You are in favor of your religious beliefs—which you claim cannot be separated from your company—setting the parameters for what can and cannot be included in insurance coverage.  That sure feels a lot too much like imposing your beliefs on those of others.  And, for me, that’s too close to the Chinese government imposing its beliefs on the beliefs of its people.

Being such a Christian company, I’m sure you’ve figured out how to reconcile doing business with a country that marginalizes women, restricts a family’s right to choose how many children it will have, lets workers work in factories with slave-like conditions, and imprisons those who claim to be Christians.  Maybe you’ve confused turn the other cheek with turn a blind eye…

Perhaps since my last visit there you’ve stopped doing business with your Chinese partners.   If so, good for you!  I wouldn’t know that, because, like I said, I’m not too artsy-craftsy and I won’t be heading back to your store to see what the bottom of those Santas say.

But if you haven’t, then, I’ll repeat, I can’t quite reconcile your willingness to buy products from a country that obviously rejects your religious beliefs while being unwilling to let your employees reject yours—unless you like the idea that you and the Chinese government hold similar beliefs about the rights of workers.  There is that to consider.
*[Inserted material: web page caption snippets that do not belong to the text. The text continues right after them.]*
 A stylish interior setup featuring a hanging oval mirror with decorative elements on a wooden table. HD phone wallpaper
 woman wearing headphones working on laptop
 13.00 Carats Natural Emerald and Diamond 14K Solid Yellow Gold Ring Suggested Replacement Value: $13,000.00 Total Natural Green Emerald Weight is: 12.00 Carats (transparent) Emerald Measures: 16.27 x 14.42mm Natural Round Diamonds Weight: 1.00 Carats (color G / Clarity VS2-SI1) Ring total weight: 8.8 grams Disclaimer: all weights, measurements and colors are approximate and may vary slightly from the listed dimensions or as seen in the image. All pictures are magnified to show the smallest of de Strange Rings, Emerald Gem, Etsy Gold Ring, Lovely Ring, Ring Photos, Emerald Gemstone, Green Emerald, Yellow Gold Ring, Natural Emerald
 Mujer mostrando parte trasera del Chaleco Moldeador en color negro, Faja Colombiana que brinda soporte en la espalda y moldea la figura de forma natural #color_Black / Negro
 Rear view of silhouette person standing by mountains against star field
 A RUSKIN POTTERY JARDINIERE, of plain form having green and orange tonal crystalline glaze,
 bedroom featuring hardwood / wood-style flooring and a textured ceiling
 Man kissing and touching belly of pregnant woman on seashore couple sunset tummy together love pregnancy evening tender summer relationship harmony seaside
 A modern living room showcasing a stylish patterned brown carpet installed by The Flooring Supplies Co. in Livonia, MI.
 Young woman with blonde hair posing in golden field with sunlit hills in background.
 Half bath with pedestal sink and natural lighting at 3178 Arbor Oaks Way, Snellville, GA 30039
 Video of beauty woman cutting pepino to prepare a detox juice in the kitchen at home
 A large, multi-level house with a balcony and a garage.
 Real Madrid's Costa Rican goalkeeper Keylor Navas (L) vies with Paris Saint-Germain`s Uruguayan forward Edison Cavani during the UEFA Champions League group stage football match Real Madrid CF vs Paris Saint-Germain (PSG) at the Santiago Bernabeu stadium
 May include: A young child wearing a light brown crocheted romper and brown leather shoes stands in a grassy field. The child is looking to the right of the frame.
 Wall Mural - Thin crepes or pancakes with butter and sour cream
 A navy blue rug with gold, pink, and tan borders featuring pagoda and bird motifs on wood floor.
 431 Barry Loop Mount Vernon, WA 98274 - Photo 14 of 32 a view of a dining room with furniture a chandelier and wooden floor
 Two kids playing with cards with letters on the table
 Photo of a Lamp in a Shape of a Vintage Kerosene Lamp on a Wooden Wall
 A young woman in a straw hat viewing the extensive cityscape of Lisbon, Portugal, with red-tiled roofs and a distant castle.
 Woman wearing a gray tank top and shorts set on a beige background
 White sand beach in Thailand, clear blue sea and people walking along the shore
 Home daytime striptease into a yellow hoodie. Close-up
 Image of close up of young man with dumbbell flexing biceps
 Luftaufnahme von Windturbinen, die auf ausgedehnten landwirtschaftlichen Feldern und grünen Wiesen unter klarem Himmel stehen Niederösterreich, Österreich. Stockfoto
What I’m hoping you’ll do next is show some good judgement here, better judgement than what I think we saw from five of the Justices today.  Now that the Supreme Court has said it’s your choice, please make the choice that respects your female employees’ rights. Please say “Gotcha!” and show the nation that there really is a distinct difference in the respect of individual rights between China and Hobby Lobby.  Stand up and say you wanted the right to make a choice and now that you have it, you will extend the same right to your employees.

That might get me back through your door, because, after all, those Santa Clauses and Easter bunnies you sell to mark those holy days really are great.